→ Records contained in a dataset

·····

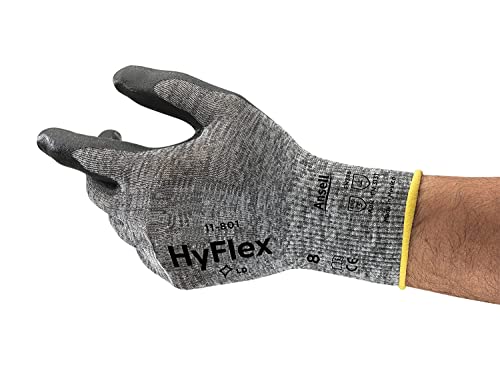 Универсални ръкавици HyFlex 11-801 - Леки, удобни, среден размер (опаковка от 12 броя)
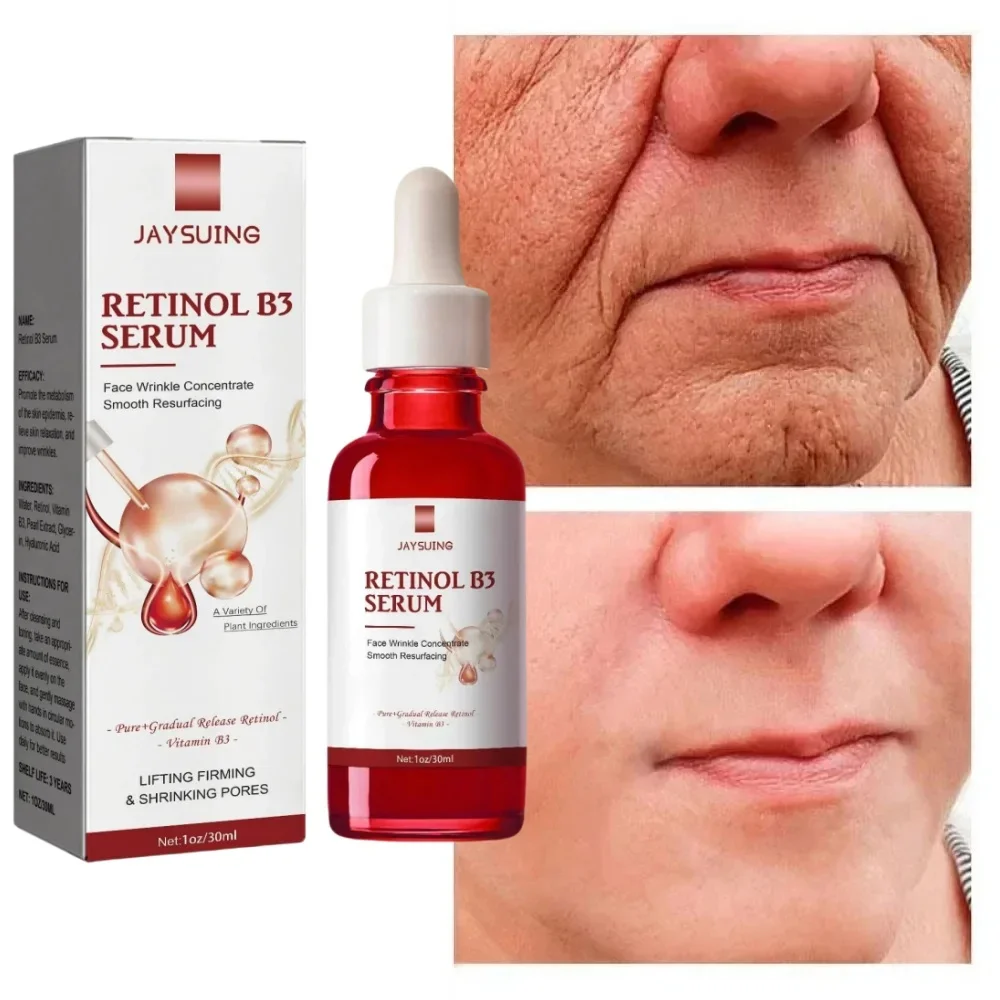 

Retinol B3 Face Essence Deep Moisturizing Nourish Younger Fade Fine Line Lifting Firming Repair Smooth Tighten Serum Skin Care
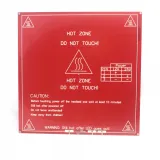 Cama caliente MK2B 200 × 200 mm 12 V / 24 V - Roja o negra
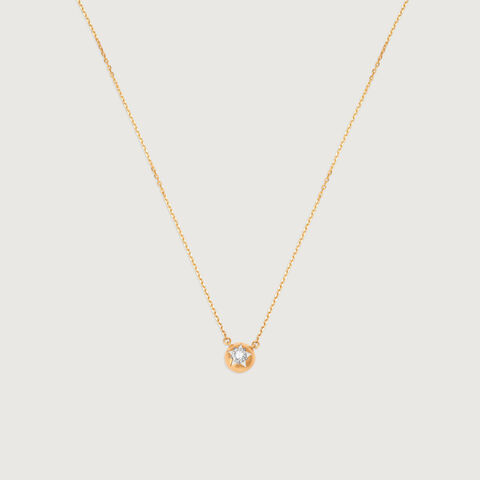 Starry Trails Studded  Diamond 18KT Necklace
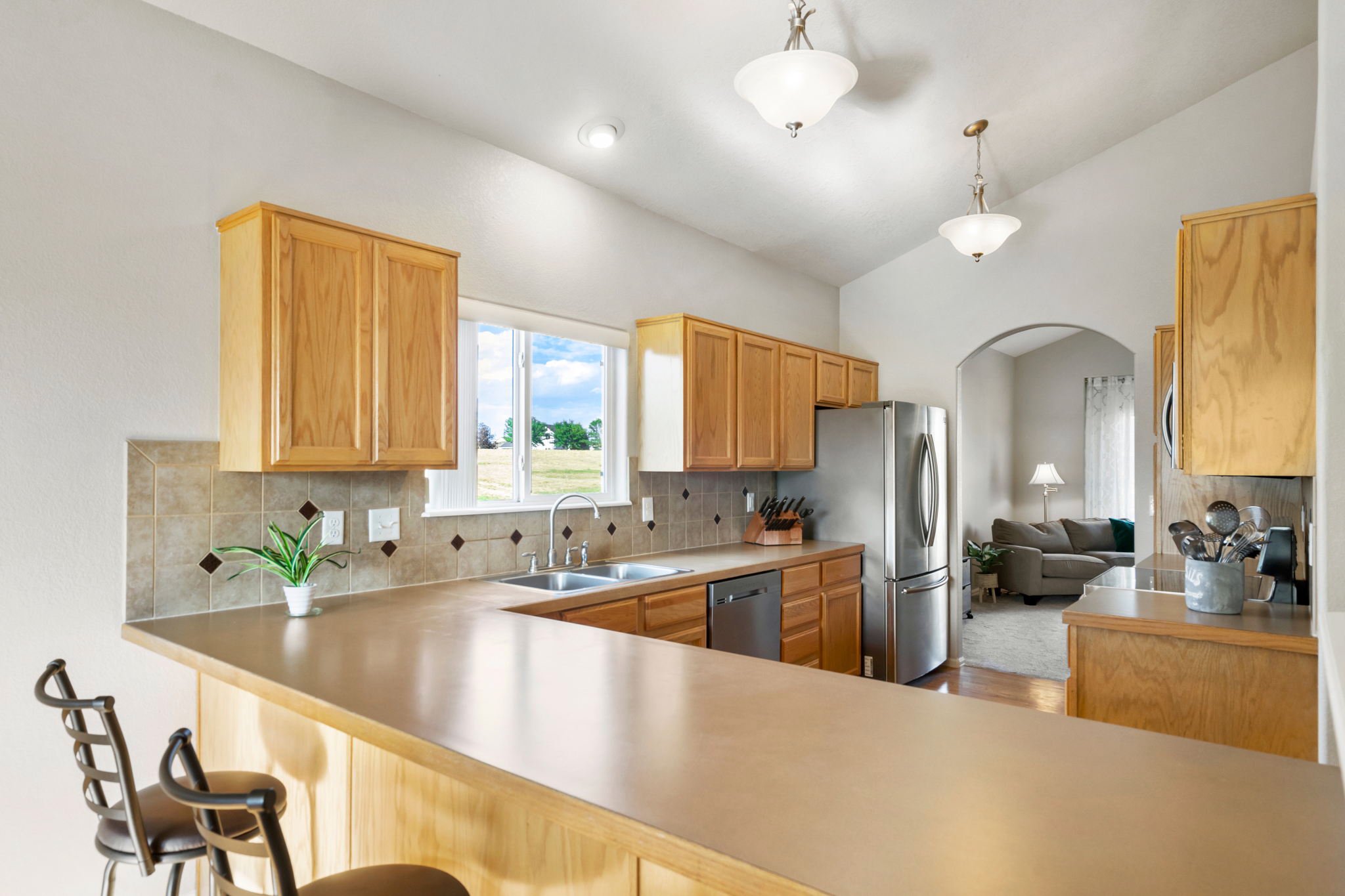 Plenty of Counter &amp; Cabinet Space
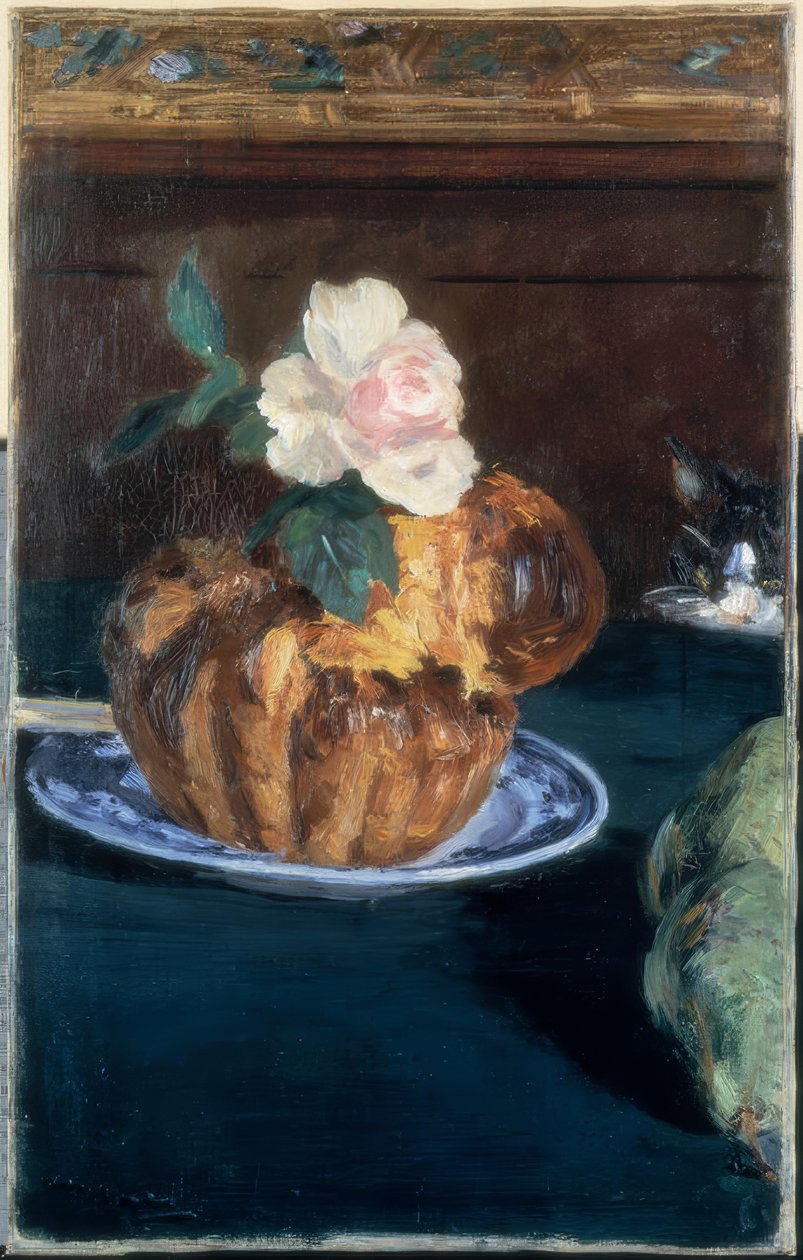 Nature morte à la brioche - Édouard Manet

·····

Copy the data in full. No pictures belong in the copy.

 Универсални ръкавици HyFlex 11-801 - Леки, удобни, среден размер (опаковка от 12 броя)

Retinol B3 Face Essence Deep Moisturizing Nourish Younger Fade Fine Line Lifting Firming Repair Smooth Tighten Serum Skin Care
 Cama caliente MK2B 200 × 200 mm 12 V / 24 V - Roja o negra
 Starry Trails Studded  Diamond 18KT Necklace
 Plenty of Counter &amp; Cabinet Space
 Nature morte à la brioche - Édouard Manet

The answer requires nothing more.